It is probably fair to say that post-Jungian analytical psychology has become preoccupied with the ‘feminine principle’. Here, I am not referring to the writings on women and ‘feminine psychology’ by Jung and his early circle of followers. The problems with that body of work are well known and often repeated. But in the 1970s and 1980s, mainly in the United States, women writers in analytical psychology have set out to revise, or revolutionize, the early work. Such writers are struggling to be ‘post-Jungian’ in their attempt to critique those of Jung’s ideas that seem unsatisfactory or just plain wrong without dismissing Jung altogether.
The reason why there has been a concentration on the ‘feminine principle’ in recent Jungian writing is that it has provided a means to celebrate the specificity of women’s identity, life, and experience. In addition, having the notion of a ‘feminine principle’ in mind helps to make a critique of culture out of personal confrontations with it.
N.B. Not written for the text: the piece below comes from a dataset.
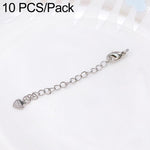 Confezione da 10 pezzi di catenelle di prolunga con moschettone in rame placcato oro per la creazione di collane e bracciali fai da te., Heart Charm Stamped 925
The basic desire of feminists who are involved in Jungian psychology has been to refuse and refute the denigration of women that is perceived in analytical psychology, to bring the feminine gender in from the condescending margins, and to promote an alternative philosophy of life to that expressed in the power institutions of a male-dominated society.
Taken as a whole, and I realize I am generalizing, feminism which draws on Jung’s ideas stands out from other varieties, with which I feel more in sympathy, in two main ways. Both of these stem from Jung’s approach, resist eradication, and cause great difficulties. It is assumed that there is something eternal about femininity and, hence, about women; that women therefore, display certain essential transcultural and ahistorical characteristics; and that these can be described in psychological terms. What is omitted is the on-going role of the prevailing culture in the construction of the ‘feminine’ and a confusion develops between what is claimed to be eternal and what is currently observed to be the case.
It is here that the deadweight of the heritage of archetypal theory is felt. Jung assumed that there is something eternal about women and, hence, about femininity. As the feminist Jungian analyst Polly Young-Eisendrath writes: ‘Certain beliefs about difference – for example, about gender and racial differences – have influenced our thinking about the meaning of symbolic representations, behaviours, style, and manner of people who are alien to the roots of our psychology in Switzerland’.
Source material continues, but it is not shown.